Bajo este inquietante rearme ideológico -el mismo que le llevó a la desolación electoral-, es fácil comprender la elasticidad del PP para asumir sin escrúpulos las exigencias de Vox, que se entretiene apretando las tuercas. Imbuida de ese aznarismo que ya mamó durante su etapa con Esperanza Aguirre, a Ayuso no se le supone ninguna renuncia doctrinal aceptar las imposiciones de Rocío Monasterio sobre violencia de género, derechos y libertades. Una y otra proceden del mismo árbol político, aunque las diferencia un abismo intelectual a favor de la rocosa dirigente anticastrista. Finalmente, el empaste definitivo a los intrincados acuerdos autonómicos de este triunvirato en Madrid, Murcia, Castilla y León viene de la mano de las inagotables tragaderas de Ciudadanos, empeñado en mantener un funambulismo que le aconsejan sus semanales encuestas entre adhesiones caudillistas y desavenencias internas.
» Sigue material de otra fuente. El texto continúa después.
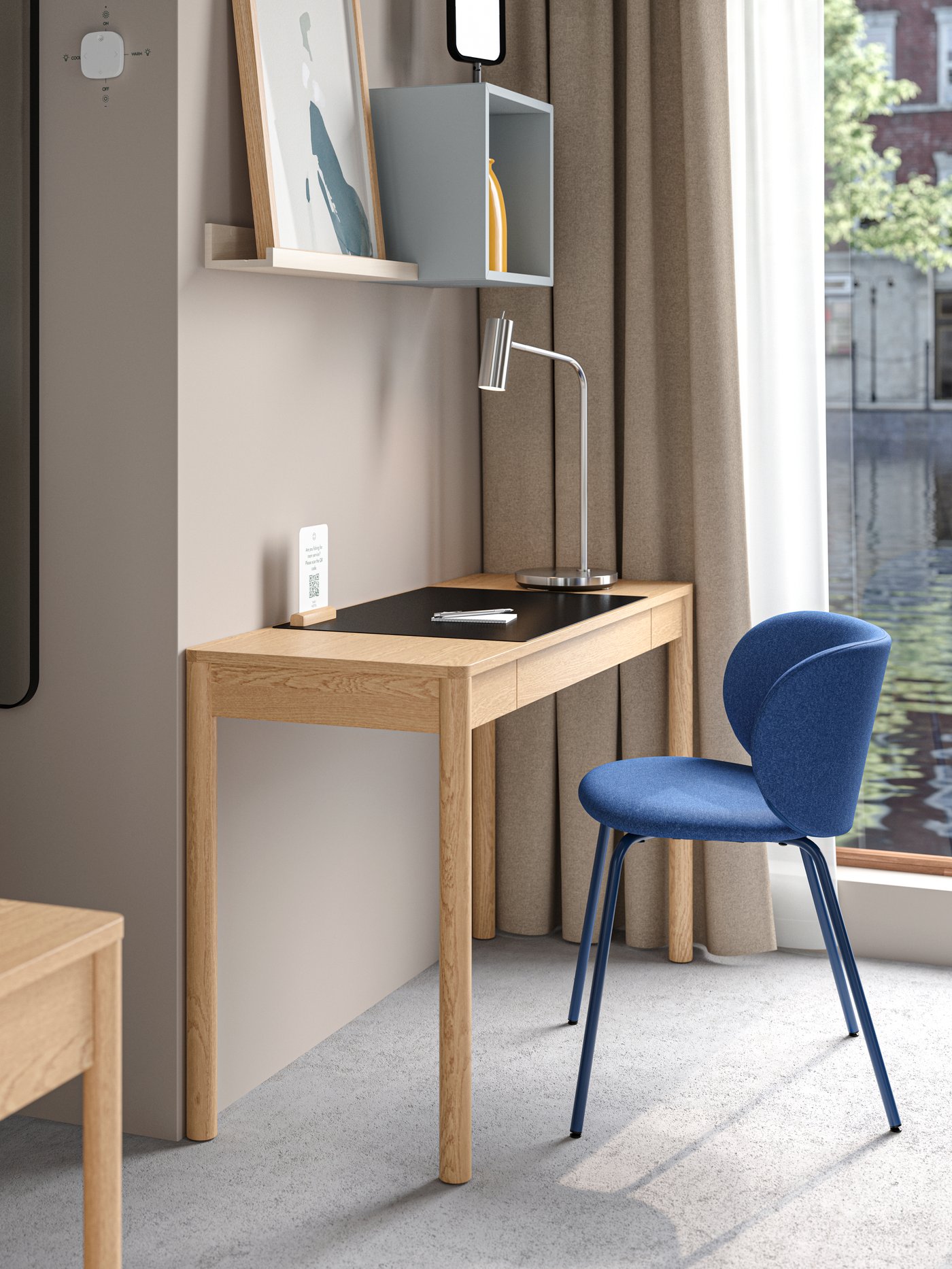 A TONSTAD desk in oak veneer and a blue KRYLBO chair in a houseboat hotel room with water outside the window.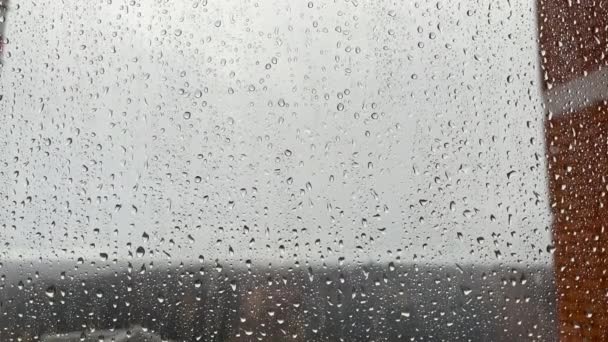 Pencerenin camındaki yağmur damlalarının dokusu bulutlu bir gökyüzünün arka planına yakın çekim, yavaşça aşağı akış, kötü hava, üzgün ruh hali, kopyalama alanı konsepti — Stok video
Es decir, hay una derecha rearmada que espera su próxima oportunidad. Sus acuerdos territoriales son bastante más que una advertencia a esa soberbia electoral que parece destilarse del comportamiento de Sánchez, despegado de una apuesta sincera por su investidura en septiembre, y de los optimistas cálculos de Iván Redondo. No es descartable que en un hipotético y decepcionante escenario electoral de noviembre el consiguiente desencanto por el desacuerdo desinfle a los socialistas recuperados para la causa del sanchismo, engorde de nuevo la abstención y comprometa hasta el límite la suerte de la izquierda. Para entonces, ya habrán atronado en Madrid las proclamas de los barones autonómicos del PP convertidos en el arma incendiaria de Casado a propósito de la unidad de España, Navarra en manos de ETA, la incapacidad socialista para el acuerdo político y el castigo sin diálogo a Catalunya.